■ TASK DIRECTIONS: Using the data below, return word for word every line from the one holding "Pantaloni dama violet - pantaloni" down to the one holding "LENOVO IdeaPad 5". Leave pictures out.
Start of Block
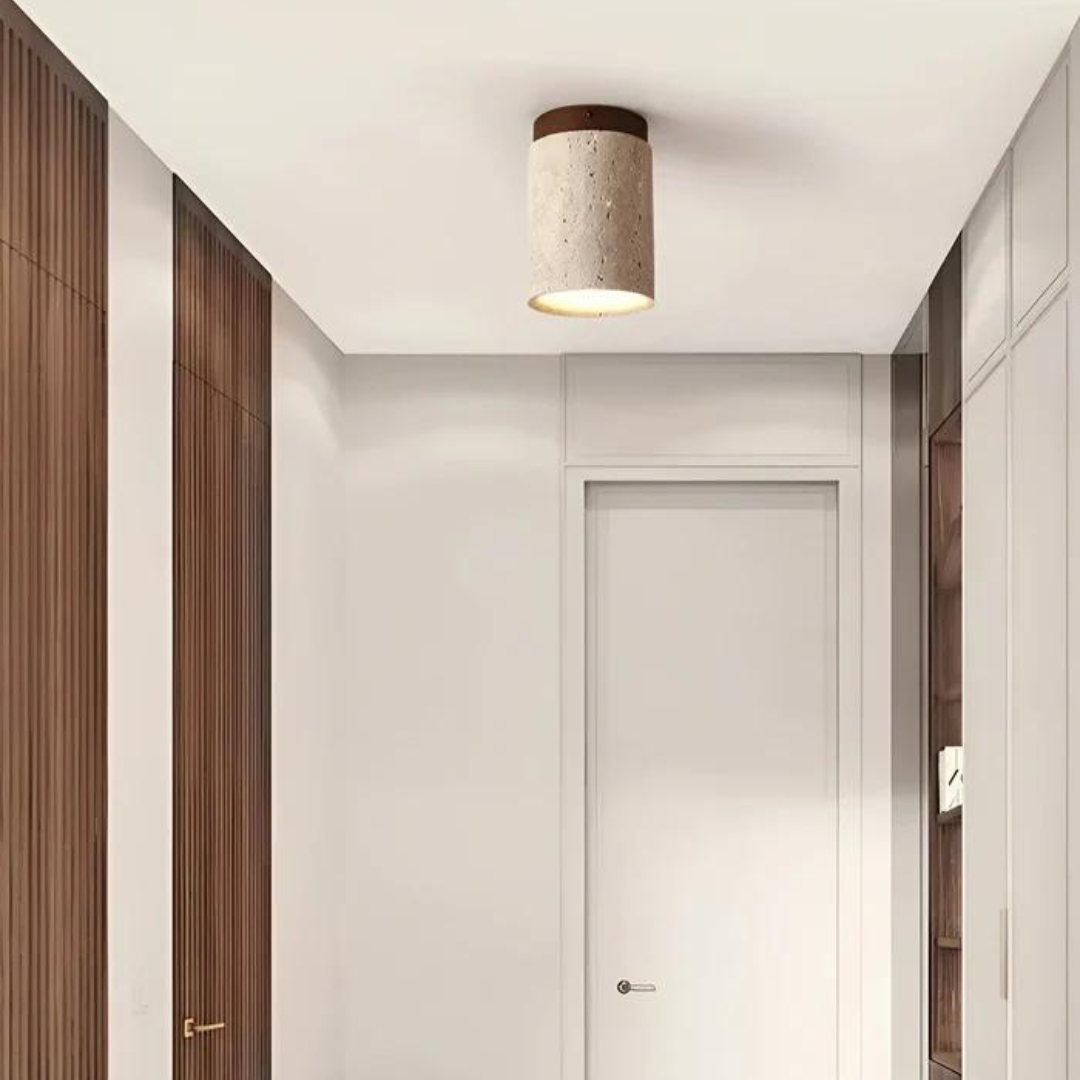 Siopsrl| Trendy Round Japanese Style Ceiling Lamp - ZenLight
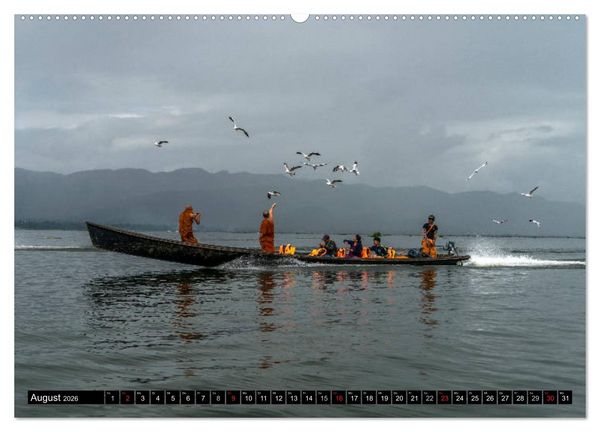 Produktbild: Myanmar - Burma (Wandkalender 2026 DIN A2 quer), CALVENDO Monatskalender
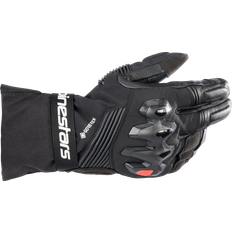 Black Motorcycle Gloves Alpinestars Boulder GTX, Handschuhe Gore-Tex Schwarz/Schwarz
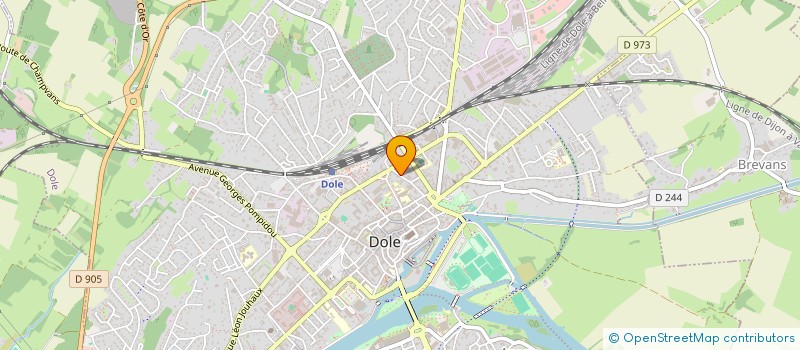 localisation de l'entreprise MONSIEUR YOANN GUYON à DOLE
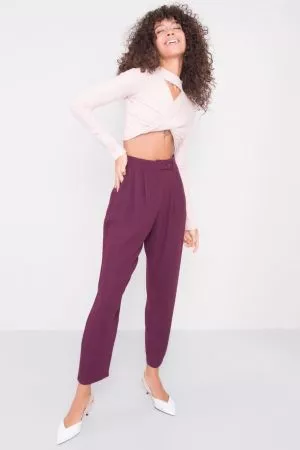 Pantaloni dama violet - pantaloni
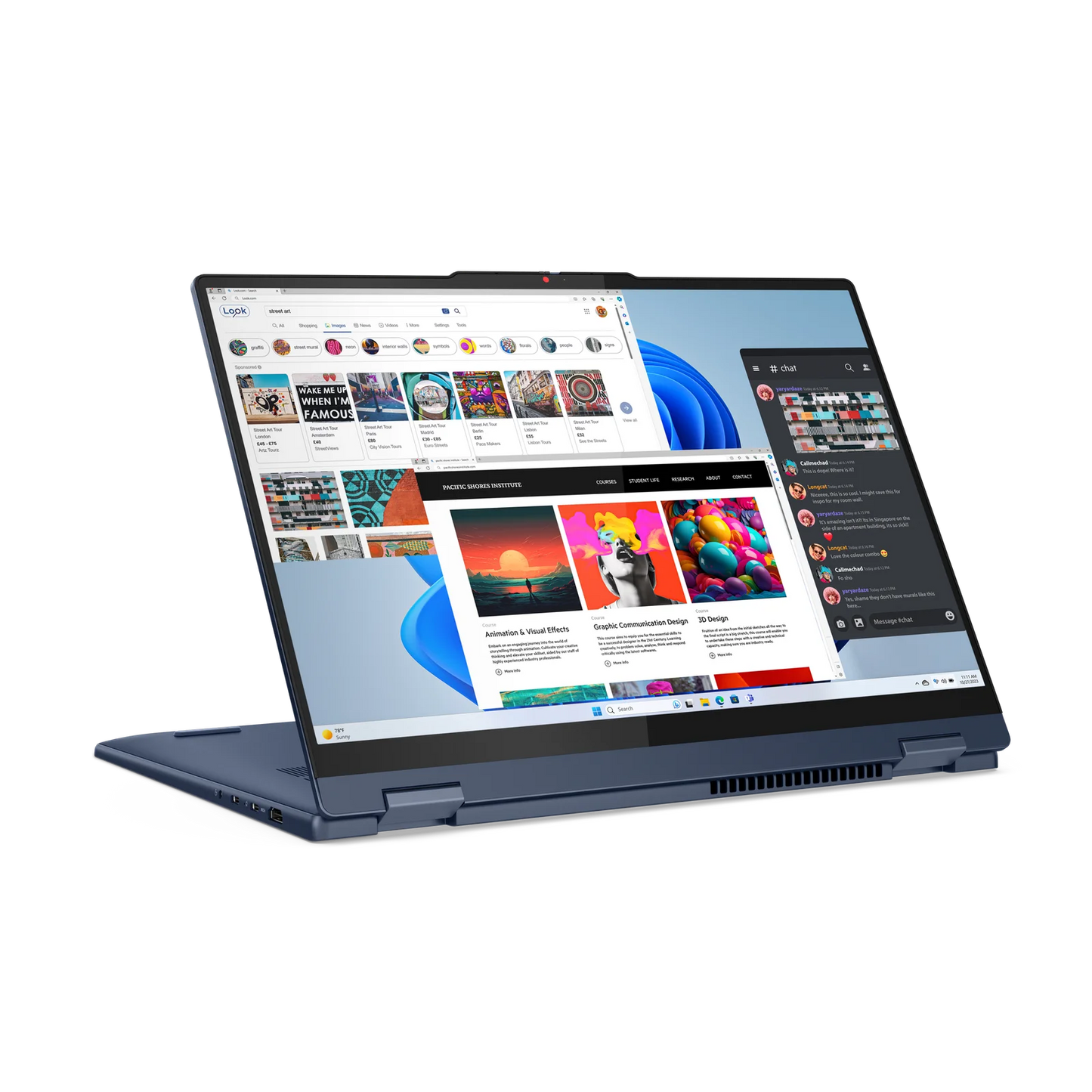 LENOVO IdeaPad 5 2-in-1 16IRU9 Intel® Core™ 5 120U, 8GB DDR5x RAM; 512GB SSD NVMe, 16-inch TouchScreen IPS WUXGA, Intel® Graphics, Backlit Keyboard, Windows® 11, with Digital Pen, Cosmic Blue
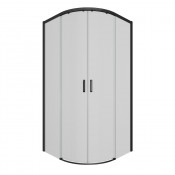 Душевой уголок Ambassador Queen 11011202Black 100x100 черный/прозрачное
End of Block
■ TASK RESULT:
 Pantaloni dama violet - pantaloni
 LENOVO IdeaPad 5 2-in-1 16IRU9 Intel® Core™ 5 120U, 8GB DDR5x RAM; 512GB SSD NVMe, 16-inch TouchScreen IPS WUXGA, Intel® Graphics, Backlit Keyboard, Windows® 11, with Digital Pen, Cosmic Blue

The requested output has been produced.